On the other hand, Random Forest (Image c) obtains Accuracy: 0.93, Weighted Precision: 0.93, Weighted Recall: 0.93 and Weighted F1-Score: 0.92. The Random Forest model performs similarly to the non-optimized CatBoost, with an accuracy of 0.93. However, it shows more confusion between floors 4 (3 in the figure) and 5 (4 in the figure) compared to CatBoost, reflected in a lower F1-Score for these floors. The model seems less effective at distinguishing between certain classes, particularly floor 5 (4 in the figure). Then, after it is Optimized with GridSearchCV (Image d), Random Forest obtains the following: Accuracy: 0.99, Weighted Precision: 0.99, Weighted Recall: 0.99, and Weighted F1-Score: 0.99. As with CatBoost, optimization with GridSearchCV significantly improves the Random Forest model’s performance. The metrics are very high, with an accuracy of 99%. Nearly all classes are perfectly classified, indicating that the optimized model is highly effective. We can conclude that optimization with GridSearchCV significantly improves the performance of both models. This is evident in the increase in all key metrics (accuracy, precision, recall, F1-Score). Moreover, before optimization, both models performed similarly. However, after optimization, both achieved near-perfect performance, with the optimized Random Forest model showing a slight edge in metrics, reaching 99% in precision, recall, and F1-Score. Both models, before optimization, show difficulty distinguishing between floors 4 and 5 (3 and 4 in the figure, respectively). However, optimization nearly eliminates this confusion.

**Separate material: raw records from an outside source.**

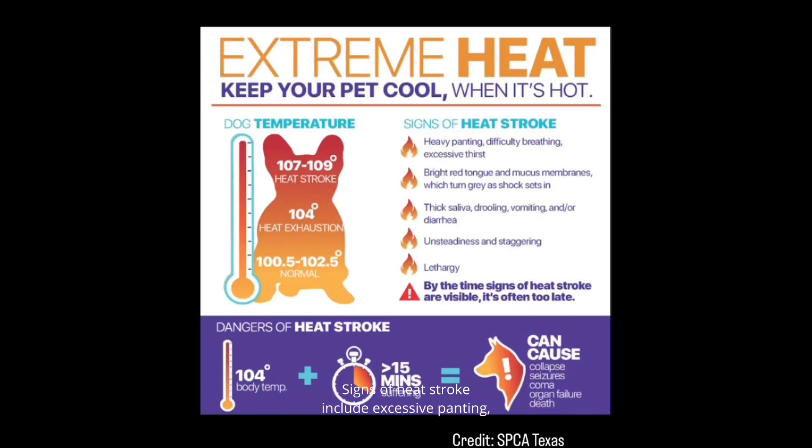Signs of heatstroke include excessive panting, labored breathing, weakness, drooling, vomiting, diarrhea, incoordination, collapse, or even seizures.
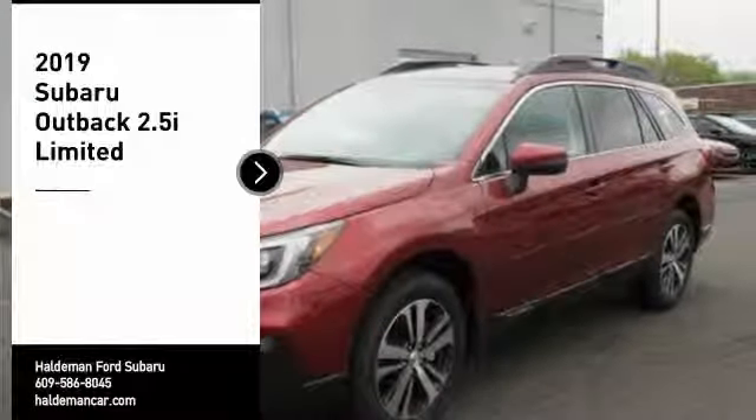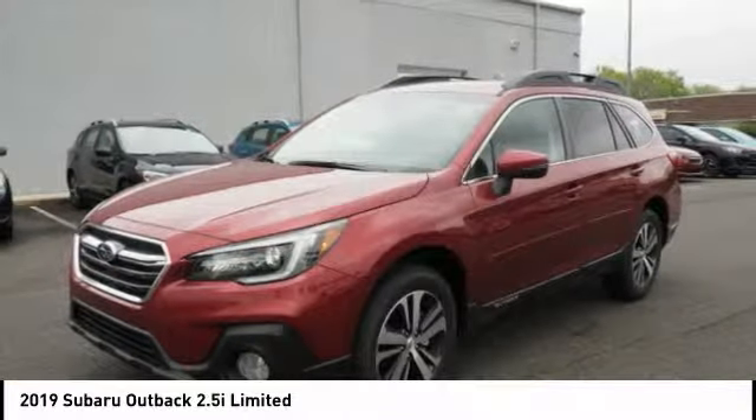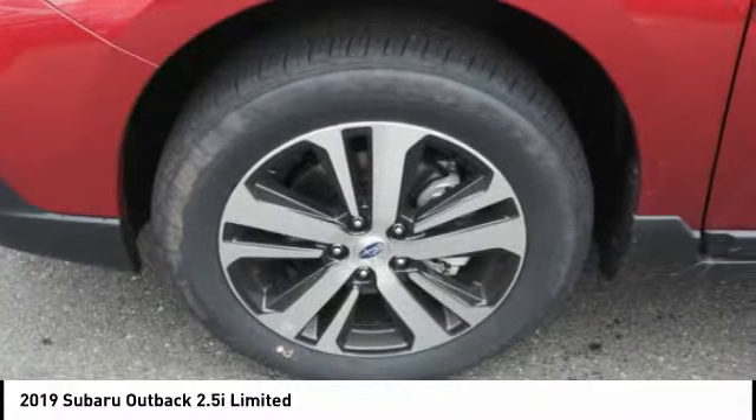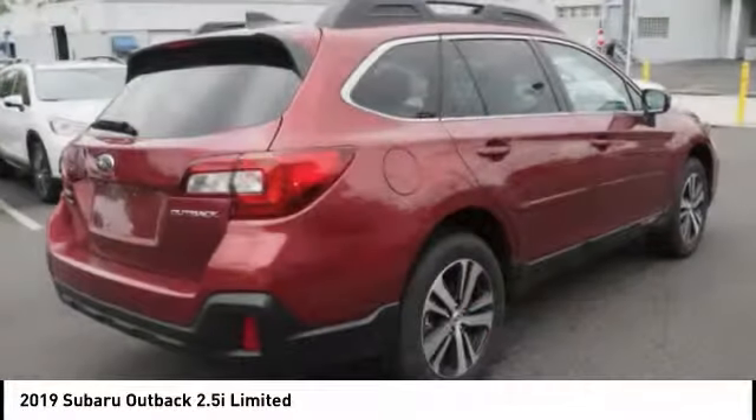Looking for the right vehicle? Check out the 2019 Outback. Take the go-anywhere capability of all-wheel drive and plenty of room for cargo and companions, and you've got the Subaru Outback. Let the adventure begin.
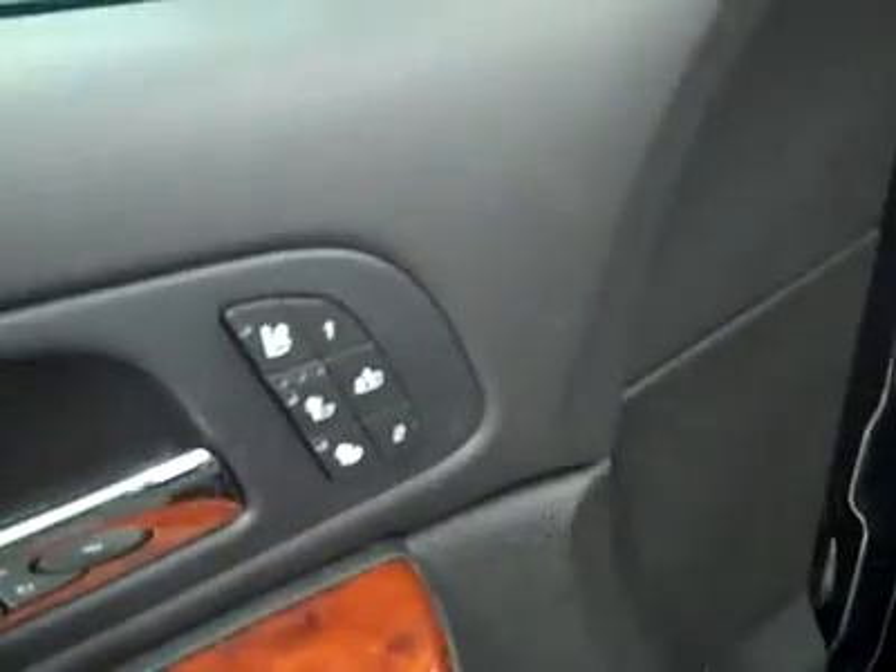Power extending step bars, power windows, locks and mirrors, dual heated and air conditioned seats, memory driver's seat, power adjustable seats, and leather interior. The leather's in excellent shape too — no rips or tears and no stains. Floors are nice and clean as well; even the driver's side floor mat barely shows any sign of wear.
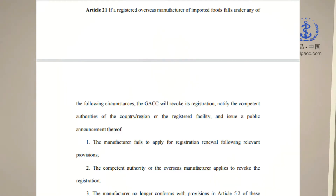If a manufacturer fails to apply for a registration renewal following relevant provisions, then GACC will revoke your registration number and you will not be able to continue trading with China. Please refer to Article 22 of Decree 248. So if your registration number will expire very soon or in a couple of months, you have to check very carefully and start the renewal process as soon as possible.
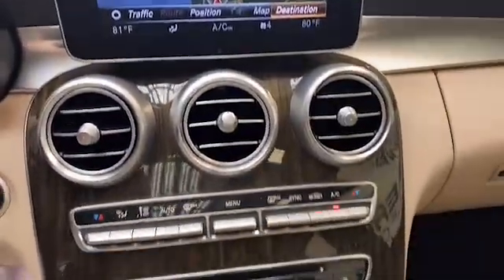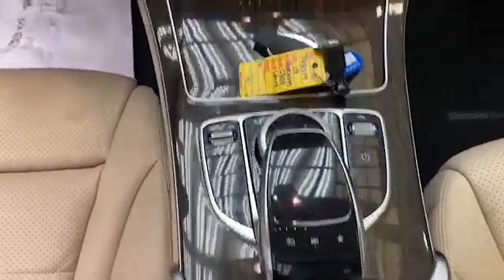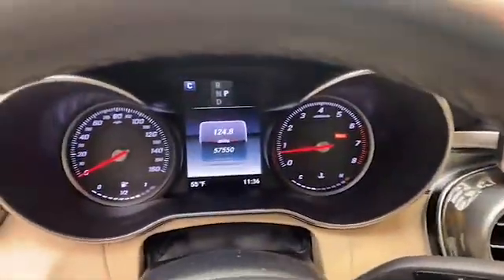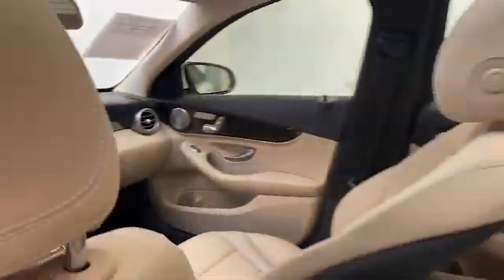The 8-inch LCD touchscreen display is preloaded with navigation and has Bluetooth to keep you connected. This 2018 Mercedes-Benz has less than 58,000 miles and comes with the AutoCheck Buyback Protection.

In summary, both CatBoost and Random Forest are strong models for this classification task, but hyperparameter optimization is crucial for maximizing their performance. The Random Forest model optimized with GridSearchCV provides the best performance in this case, with near-perfect classification.
These two techniques allow a very high accuracy (nearly 100%) for the classification of the floor, which, when combined with the high accuracy in the building identification, provides the best conditions for the last step, the estimation of the latitude and longitude.